Ce livre était nécessaire car, aussi étrange que cela puisse paraître, il n’existait pas, en tout cas sous cette forme et ce double mouvement : diversité des origines, convergence vers un seul territoire. Un pays qui fut terre d’immigration, notamment au XXème siècle, sans que cela fût éclatant car il s’empressa d’intégrer les nouveaux arrivants au nom du grand principe unitaire héritée de 1789 (cette date sert d’ailleurs de point de départ aux notices)

On trouve parfois des bizarreries. Takis Candilis, producteur de télévision (TF1 puis Lagardère) né en 1954 à Paris, a droit à une colonne, alors que les Camondo, famille à laquelle les musées français doivent tant, sont absents. Plus chanceux, les Rothschild ont leur colonne mais il n’y est pas fait non plus allusion au fait qu’aucune famille française ou étrangère n’a donné autant d’œuvres d’art qu’eux aux musées de ce pays. On est pareillement étonné par la présence d’une notice consacrée à Ivan Illich, né à Vienne et mort à Brême. On se demande ce qu’il fait là. On lit donc, dans l’espoir d’en découvrir le motif. En vain : la seule allusion à la dimension française du fameux philosophe est l’écho que la revue Esprit a donné à sa pensée dans les années 70. Mais est-ce bien suffisant ? On y trouve même Julio Iglesias au motif qu’il lui est arrivé d’enregistrer des chansons en français (mais dans bien d’autres langues aussi) et que la France a beaucoup fait pour sa renommée. Ce qui ne dit pas en quoi il a pu apporter quoi que ce soit au génie français. C’est ouvrir si largement le compas que cela risque de dénaturer le projet. Aussi faut-il en revenir à la préface de Pascal Ory pour savoir au juste à partir de quand et jusqu’où on peut estimer qu’un artiste, un créateur, un scientifique, un intellectuel ou un chercheur étrangers ont « fait la France ».
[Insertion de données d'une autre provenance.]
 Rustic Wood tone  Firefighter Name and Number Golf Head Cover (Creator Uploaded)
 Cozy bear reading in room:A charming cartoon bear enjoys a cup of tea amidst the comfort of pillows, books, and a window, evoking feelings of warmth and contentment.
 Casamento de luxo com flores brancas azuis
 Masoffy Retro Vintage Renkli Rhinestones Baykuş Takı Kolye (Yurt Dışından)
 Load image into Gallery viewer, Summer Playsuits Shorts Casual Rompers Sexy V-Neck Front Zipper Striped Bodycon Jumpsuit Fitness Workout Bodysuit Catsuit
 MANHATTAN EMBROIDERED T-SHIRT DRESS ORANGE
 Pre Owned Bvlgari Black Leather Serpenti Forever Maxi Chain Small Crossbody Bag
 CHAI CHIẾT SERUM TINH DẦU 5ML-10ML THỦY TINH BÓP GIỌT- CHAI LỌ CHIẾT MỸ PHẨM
Et d’abord qu’est-ce qu’un étranger ? Le critère juridique étant jugé le moins discutable, c’est celui-ci qui a été retenu : celui est né étranger, que ce soit sur le territoire français ou non. Mais entre les colonies, les protectorats et les outre-mer, ceux qui sont nés avant l’indépendance et les autres, cela se complique tant que j’avoue n’avoir rien compris aux deux pages de « raisons combinées » justifiant la qualité d’étranger accordée à Uderzo, Serge Reggiani, Azouz Begag mais refusée, si l’on peut dire, à Goscinny, Jean Ferrat, Coluche, Drucker, Sarkozy, Balladur, Mohamed Dib, Mouloud Ferraoun… Un tel dictionnaire aurait pu facilement faire mille pages de plus. Tel quel, c’est déjà une pierre dans le jardin à la française de l’identité nationale. Car dès lors que l’on évoque l’incontestable brassage dont la France fut le théâtre, le spectre du métissage est agité et parasite le débat car le mot même fait horreur.
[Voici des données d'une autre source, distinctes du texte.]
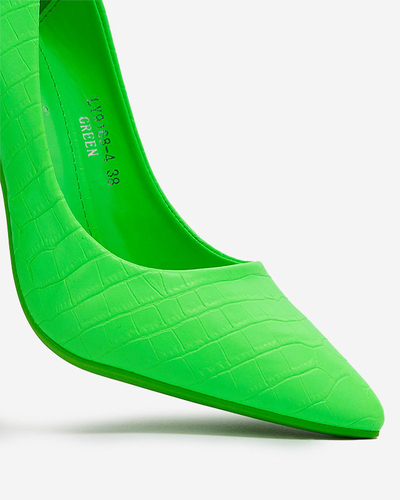 OUTLET Royalfashion Escarpins à talon aiguille pour femme vert fluo avec gaufrage Asota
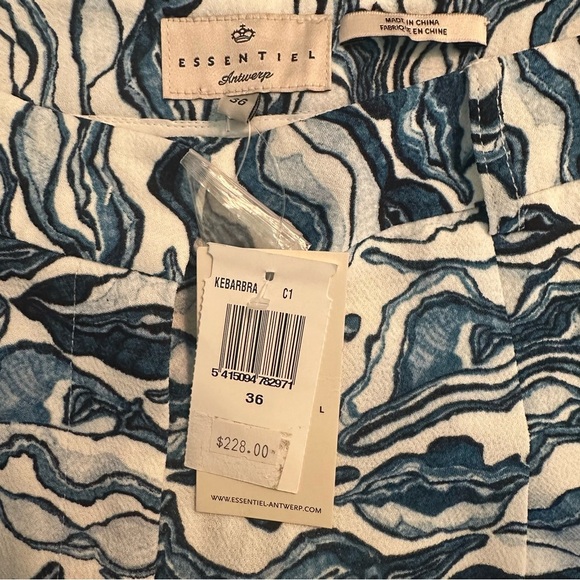 Essentiel Antwerp Kebarbra Relax Fit Blue & White Design Ankle Pants sz 36 EU - Picture 6 of 12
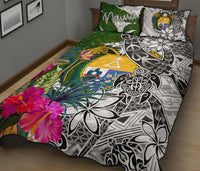 Nauru Quilt Bed Set White - Turtle Plumeria Banana Leaf Crest - Polynesian Pride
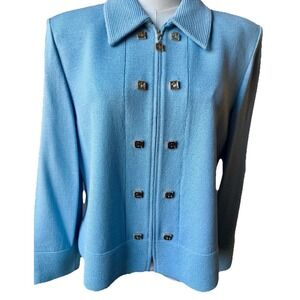 St John Collection Knit Set Baby Blue Zip Jacket Pants Gold Buttons 10/14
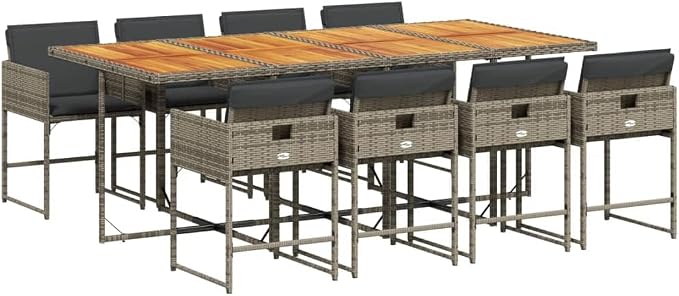 9 Piece Patio Dining Set with Cushions Gray Poly Rattan Outdoor Dining Table and 8 Folding Chairs for Backyard Garden Deck Seating UV Protected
Et qu’entend-on par « ceux qui ont fait la France » ? La part de subjectivité est plus grande encore. Le maître d’œuvre nous assure que « la pratique de la langue française » est là un critère dominant. Si c’est pour acheter le pain chez la boulangère de la rue Git-le-cœur (Paris 5ème), on comprend que James Baldwin et Richard Wright soient dans ce dictionnaire ; mais si c’est pour l’honorer en écrivain, comme Beckett, Cioran ou Ionesco, ils n’ont rien à y faire car ils n’ont jamais cessé d’être des écrivains américains. Paul Celan non plus, qui y figure pourtant, comme eux. Pourquoi Charles Denner y figure et pas Sami Frey alors qu’ils ont exactement les mêmes origines et le même parcours dans la même profession ? Parce que le premier est arrivé à Paris à quatre ans alors que le second y est né ? Absurde.
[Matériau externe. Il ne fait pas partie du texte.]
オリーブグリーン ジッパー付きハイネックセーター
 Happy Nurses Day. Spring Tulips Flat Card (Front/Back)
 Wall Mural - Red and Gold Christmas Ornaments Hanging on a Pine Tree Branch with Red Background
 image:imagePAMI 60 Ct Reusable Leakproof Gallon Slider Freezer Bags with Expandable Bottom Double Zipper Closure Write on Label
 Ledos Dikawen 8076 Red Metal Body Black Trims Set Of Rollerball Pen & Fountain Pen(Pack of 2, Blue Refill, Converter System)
On mesure là à quel point une telle entreprise est casse-gueule dès lors qu’elle ne se donne pas un parti pris rigoureux et étroit. Joseph de Maistre y côtoie Aldo Maccione. Enfin… Même si nul ne songerait à nier l’apport des Kundera, Sidney Bechet, Godard, Kandinsky, Cossery, Bréguet au patrimoine de notre pays, il est bon que, avec ses inévitables défauts, soit élevé un tel monument à la xénophilie française. Dans un pays qui pratique la repentance et la haine de soi comme un sport national, cela change un peu.